- The Washington Times - Saturday, July 27, 2002

FORT LEE, Va. Army Staff Sgt. Sonianica Matthews doesn't care how tough a soldier is, in her class he still has to start with the basics: slicing and dicing.

At the Fort Lee Army post just south of Richmond, soldiers going through chef training get a crash course on it. Though many of her soldiers don't know a paring knife from a steak knife or the proper way to measure flour, they will eventually bake pies and cook enough three-course meals for an army literally.

The soldiers work eight-hour days in the kitchen for eight weeks to complete their training and become certified chefs, or as the Army likes to call them food-service specialists.

"It's not just a regular McDonald's cook," said Sgt. Matthews, who prefers her pupils a little green. "A lot of them have no experience. But the better cooks are the ones who have no experience. Then I can mold them."

The first week of training is devoted to sanitation, before the trainees move on to basic cooking skills in week two and baking in week three.

It's the second day of week three and today the 12 trainees are tackling the chocolate chip cookie. Yesterday, the battle was making muffins. Tomorrow, they will fight to create pies.

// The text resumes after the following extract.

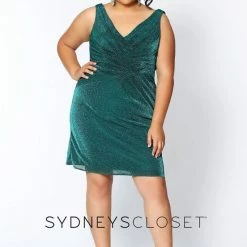 In Stock Sydney's Closet 8093 Size 20 Short Fitted Shimmer Prom Dress Homecoming Party Emerald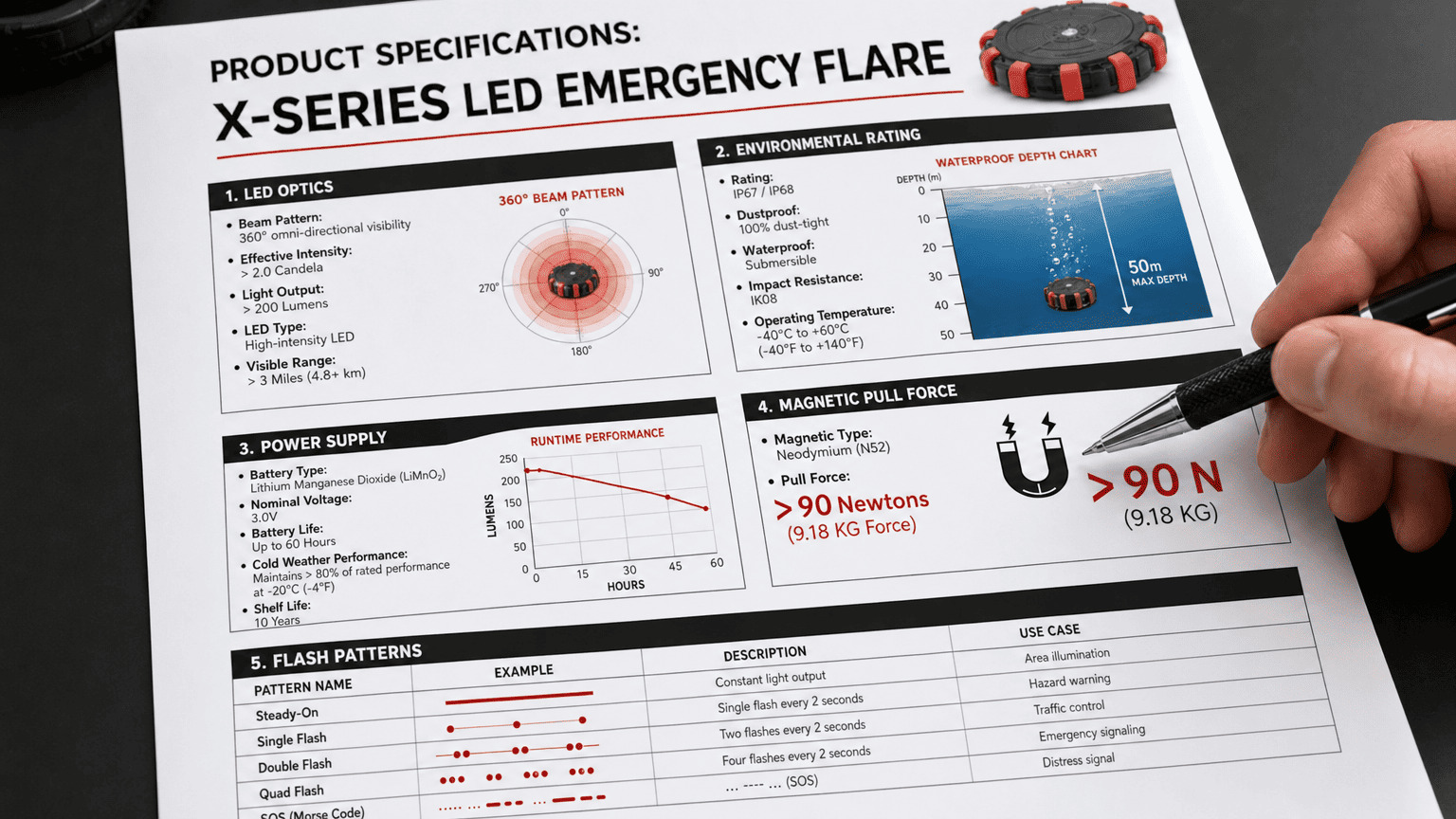 A close-up of a technical specification sheet for an electronic device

One of the instructors is wearing combat boots, a camouflage uniform, a white apron and a chef hat.

The other instructor a tall, burly man barks out orders on texture and taste.

"I'd be lying if I said I always liked everything they cooked," chief instructor Sgt. 1st Class Rodney Blacksher said. "You can always tell by the taste who is following the recipe."

Sgt. Blacksher sees his role as a cook as just the job he performs for the Army, no different than being an infantryman.

Some of his students come in apprehensive about cooking, while others have culinary degrees. Regardless of their background, he said, they come in to the classroom as equals.

Two of Sgt. Matthews' most enthusiastic are a couple of brothers from Georgia: Pvts. Eric and Edric Cunningham enlisted in April, went through basic training and are now learning the secrets of cooking together.

"It was something we decided to do together," Pvt. Eric Cunningham said. "It's good to have family here."

Pvt. Edric Cunningham enjoys making desserts, particularly brownies. His brother has more fun with the meats.

The brothers are now learning how to cook for more than 200 people in large garrison training.

"It's actually pretty fun," Pvt. Edric Cunningham said.

Students are graded on the presentation, smell and taste of their dishes.

From Fort Lee, they may cook for soldiers at a post in the United States or overseas. They can also choose to go to an even higher level of culinary art, where they learn to prepare meals for the military's top brass.

In the upper-level cooking class, chefs learn how to properly present food for formal functions and more complicated dishes like chocolate souffles and crusted salmon mascarpone. Out of the 84 chefs that come through the training facility, six of them make it to the U.S. Army Culinary Arts Team, an elite, competitive group of Army chefs.

The chefs compete in international cooking competitions. The U.S. team won the world championship among military competitors in the International Culinary Olympics in 2000.

For Sgt. Matthews, her first duty is to her country, not her food.

"I'm still a soldier," she said. "Even though I'm here teaching school, I can get a call to go out somewhere any time."

She estimates between her classes and cooking for her family, she cooks about 10 hours a day. She cooks the holiday meals for her mother, who often calls Sgt. Matthews for one of the more than 300 recipes she has learned in the Army.

Her family loves the desserts she makes, and her children like to put on her boots and apron and march around the kitchen.

"Once you do it this much, you grow to love it," she said. "It's something you'll always do."